### Task to carry out
Down to the last line, set down the material below exactly, excluding pictures.
BEGIN
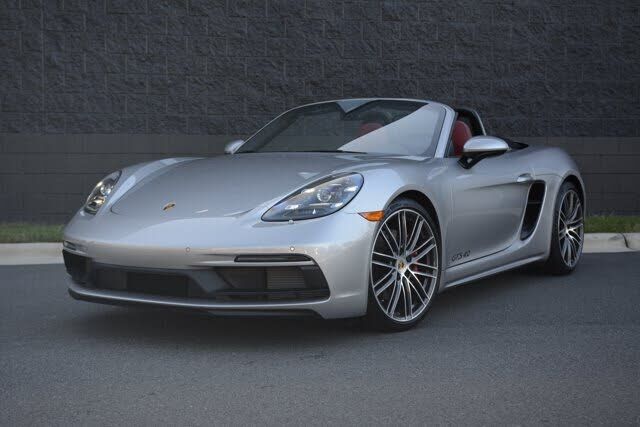 2025 PORSCHE 718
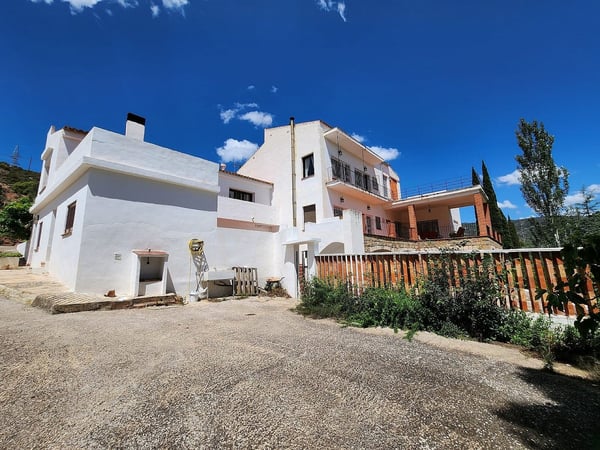 House in Jalance - view 1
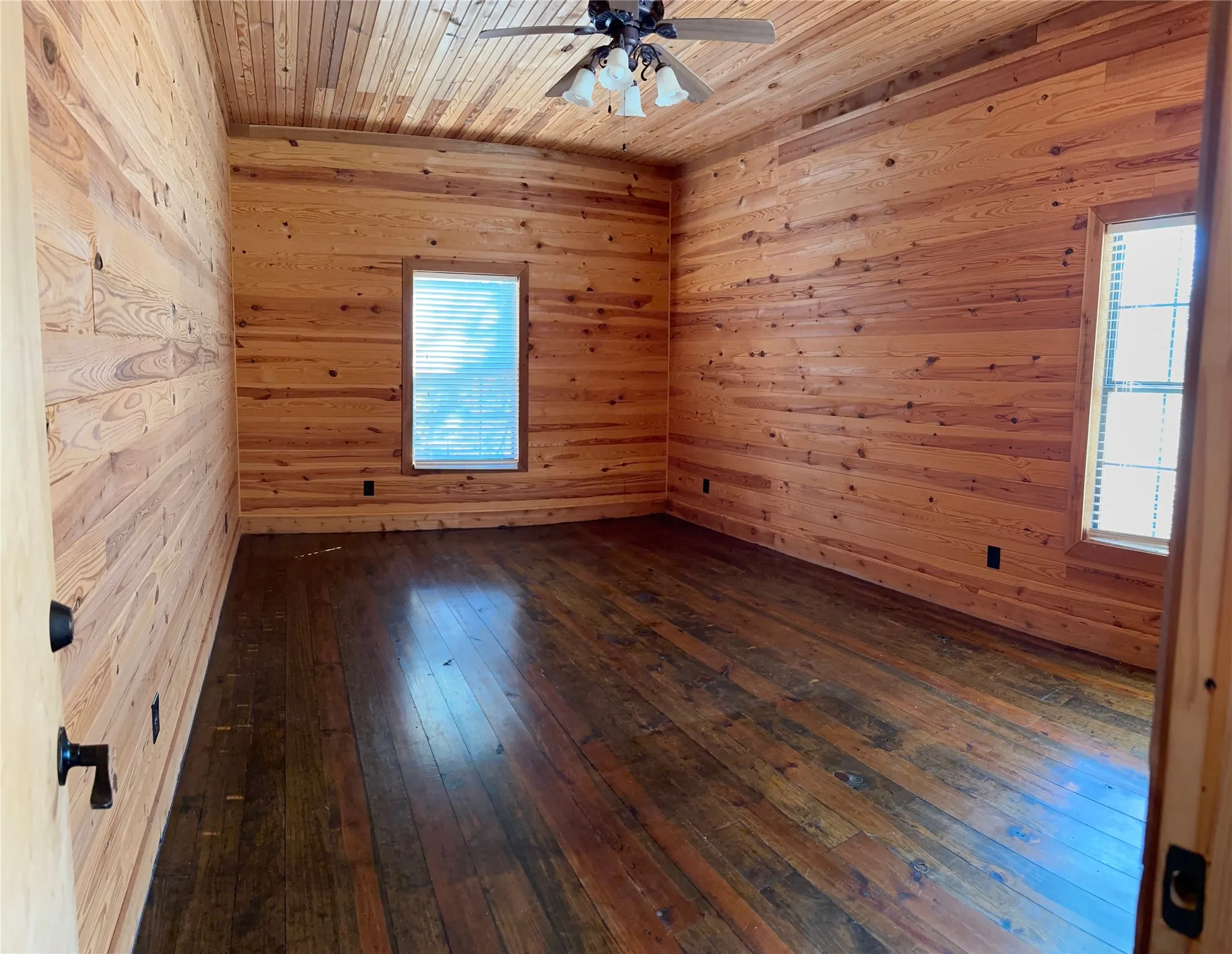 Single Family Residence For Sale in Navarro County , 14053 SE CR 4112, Kerens, Texas 75144, 2 Bedroom, 1 Bathroom, Garage spaces, 896 Sqft, built in 2010, mls#21174092, Real Estate Agent in Kerens, Homes For Sale in Navarro county, Homes For Sale in Kerens, Realtor in Kerens Texas, Real Estate Brokerage Independent Realty Texas, Luminita Cordes Realtor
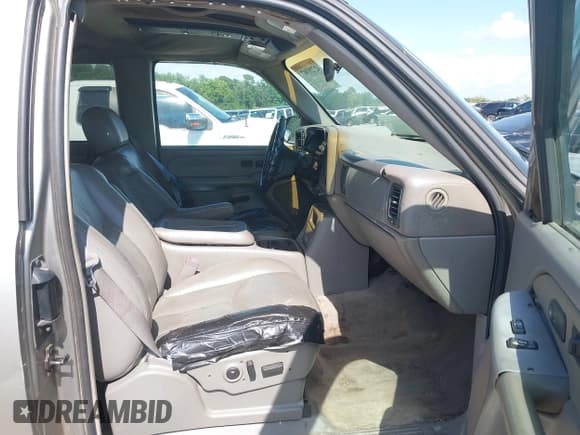 ✅ 1999 GMC Sierra 1500 SLE • VIN: 2GTEK19T7X1507995 • Лот: 42720307. Опубликован ранее на IAAI с пробегом 292 038 миль. Бесплатный доступ к архиву аукционных продаж из США и подробный отчёт об истории автомобиля на DreamBid. Изображение 5.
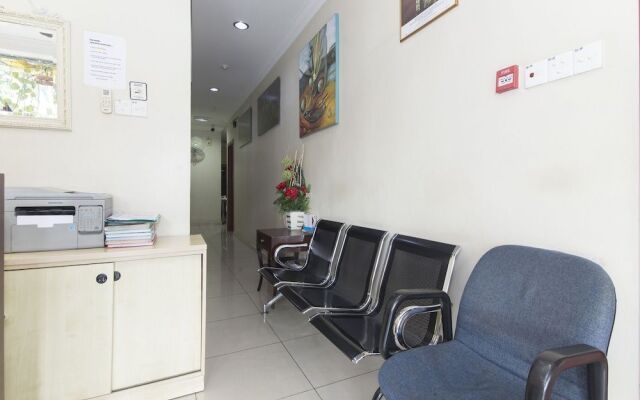 OYO 425 Hotel GS Inn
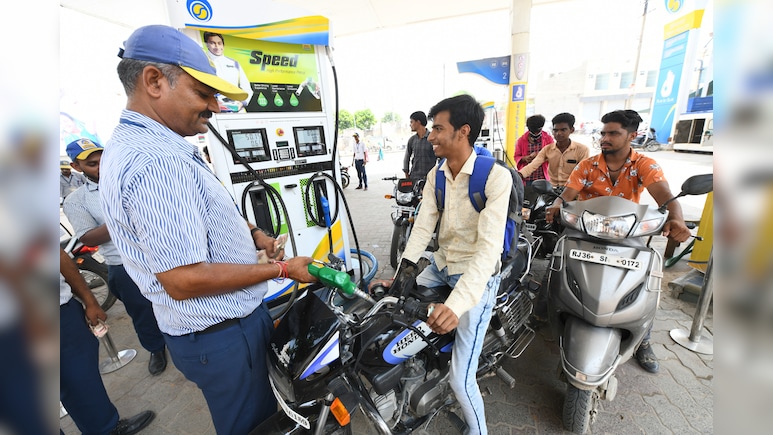 एक्साइज में कटौती के बाद भी तेल कंपनियों की मुश्किलें कम नहीं, 1 लीटर पेट्रोल-डीजल पर पड़ रहा इतना बोझ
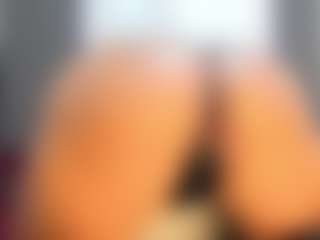 Camille Bennet's Live Sex Cam Show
END
### Completed task
 2025 PORSCHE 718
 House in Jalance - view 1
 Single Family Residence For Sale in Navarro County , 14053 SE CR 4112, Kerens, Texas 75144, 2 Bedroom, 1 Bathroom, Garage spaces, 896 Sqft, built in 2010, mls#21174092, Real Estate Agent in Kerens, Homes For Sale in Navarro county, Homes For Sale in Kerens, Realtor in Kerens Texas, Real Estate Brokerage Independent Realty Texas, Luminita Cordes Realtor
 ✅ 1999 GMC Sierra 1500 SLE • VIN: 2GTEK19T7X1507995 • Лот: 42720307. Опубликован ранее на IAAI с пробегом 292 038 миль. Бесплатный доступ к архиву аукционных продаж из США и подробный отчёт об истории автомобиля на DreamBid. Изображение 5.
 OYO 425 Hotel GS Inn
 एक्साइज में कटौती के बाद भी तेल कंपनियों की मुश्किलें कम नहीं, 1 लीटर पेट्रोल-डीजल पर पड़ रहा इतना बोझ
 Camille Bennet's Live Sex Cam Show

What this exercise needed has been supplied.